Monday 16 January 2017

Review Wish List


Wish List
by Katherine Soper

Stand And Deliver
https://royalcourttheatre.com/

Are we all now living in a pipe dream Wish List economy since state terminology changed us from citizens to customers?

From the health service, through education,  the workplace and benefits' system, dominated by  computerization and the internet,  Katherine Soper's Bruntwood prize-winning play Wish List strikes a timely Kafkaesque note

Agency worker Tamsn (Erin Doherty) is setting off for her first day at a fulfilment centre. No, it's not a place where all her dreams will be fulfilled but the storage and packing warehouse of an internet mail order company.

She's taken a zero-hours' contract job while her mentally ill younger brother Dean (Joseph Quinn) has had his benefits suspended and possibly taken away altogether.

Allocated a role packaging goods from the conveyor belt,  she finds the heat is on - both literally and figuratively in the oppressively hot working conditions.

She dons the hi-vis vest and uncomfortable plastic boots provided but it's a job where she's just as much a consumer as a worker, paying for a locker and accruing points, although these are not for loyalty but penalties working like warnings which can lead to dismissal.

And rather than simply being computer programmed, the productivity targets seem deliberately set up for failure and to keep the worker psychologically cowed.

Even though they are in competition, she forms a bond with fellow worker Luke (Shaquille Ali-Yebuah). He can afford to be more of more ducker and diver, indulging in apparently undetected petty theft from the firm and covering for Tamsin's relatively inept efforts. For he is off to join another, but less bottom-of-the-pile, conveyor belt, to college and a job in the ambulance service.

Directed by Matthew Xia, Erin Doherty gives a finely tuned performance as Tamsin, a teen dealing with problems which would break many a seasoned adult. Ali-Yebuah has a boyish charm as co-worker and her brother's former schoolmate Luke.

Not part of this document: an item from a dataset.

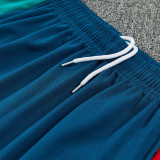 26/27 Portugal Lake Blue Training Short Suit(胸前广告)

This is in some ways a perfunctory play with plenty of facts written to a template with a seemingly realistic structure giving way to something more fantastical after a bout of drinking, a dream and with the now almost-obligatory-in-new-writing rendition of a song from recent pop culture, in this case Meatloaf's Bat Out Of Hell.

There are also elements which beg basic practical questions. Wouldn't Tamsin have gone to the Citizens Advice Bureau rather than trying to cope alone? Where is Dean's GP? How can Dean afford an internet connection and to keep a bank account as well as the copious amounts of hair gel he orders for his obsessive compulsive disorder? It does sometimes radiate an actorly concentration on character at the expense of some of the practicalities.

Nevertheless, it's the arrangement of ideas behind this play that does herald an original voice, even if the execution of the script feels a little clumsy and the play overlong. There is a clever merging of school, the health service, benefits' system and the warehouse work - in short, much of life - in a bingo game of chance and cheating.

It also reminded TLT that in the 1950s a flurry of time-and-motion style baby "experts" advised, impossibly, that babies should only be fed and picked up at set times and other mechanical tips.  Ready, some critics of this type of parenting said, for working in factories.

It seems that the times have come full circle in this twenty first century play without the increasing affluence that accompanied the post Second World War economy. It's an upper range amber light for a promising debut play from a writer who brings an understanding of how this working environment is now  moulding lives outside the warehouses in a work-unfair state.